Here are some pics! All trim and everything not yet done, but the fire is burning. I'll post more pics as things progress.
This pic shows the uninstalled stove, and the first break in fire


----------



## Sundeep Arole (Feb 19, 2006)

pre install pic


----------



## MountainStoveGuy (Feb 19, 2006)

I dont see anything hotflame. I take it you know that? I wish we could post image tags from photo bucket here. Its alot easier then trying to resize everything. Look forward to seeing your install.


----------



## Sundeep Arole (Feb 19, 2006)

First break in fire


----------



## Sundeep Arole (Feb 19, 2006)

Full blast


----------



## Sundeep Arole (Feb 19, 2006)

Night fire, room at 74, outside 21, house at 69


----------



## Sundeep Arole (Feb 19, 2006)

Finally figured out how to resize pics.

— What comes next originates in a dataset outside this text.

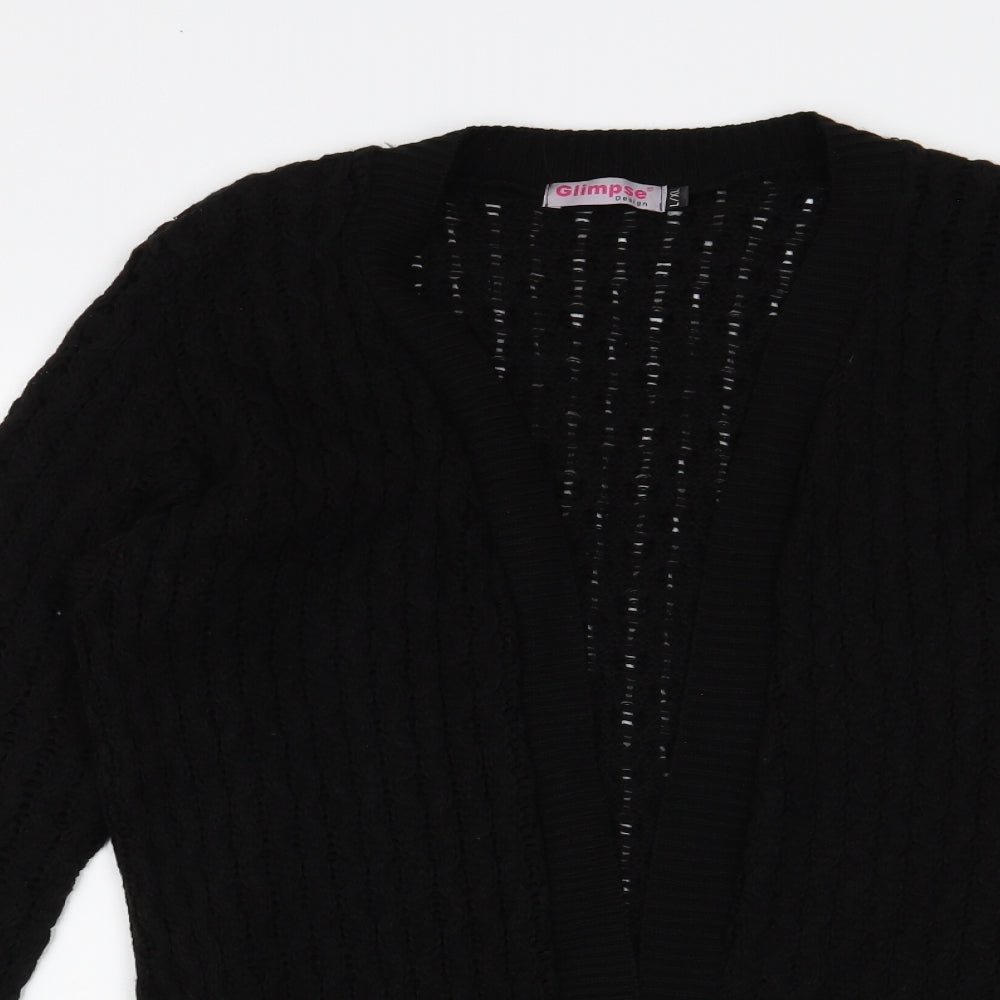 Preworn Womens Black   Cardigan Jumper Size L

Best idea from Elk, email a copy to yourself. Then you can save it any size you want.


----------



## BrotherBart (Feb 19, 2006)

Crank'er up Hotflame. You have had a long rocky road but it looks like it was worth it.


----------



## warren88 (Feb 19, 2006)

Does this Answer stove have secondary burn  tubes?


----------



## Sundeep Arole (Feb 19, 2006)

Yes, it has three of them. I haven't been able to get a pic like Franks, though. From what I recall he had a great secondary burn. I am still fiddling with my air intake / fuel load to see how I can reproduce that.


----------



## Sundeep Arole (Feb 19, 2006)

Put in a full load of logs around 11pm last night. About 80% fiewbox load. Tossed in one more log this morning around 4am, and at 8am it was all burnt down, but coals were still hot and putting a couple more logs in with a few sticks of dry pine brush the fire started right away without fiddling. I say this stove has a six hour useful burn time with the air intake turned close to low.


----------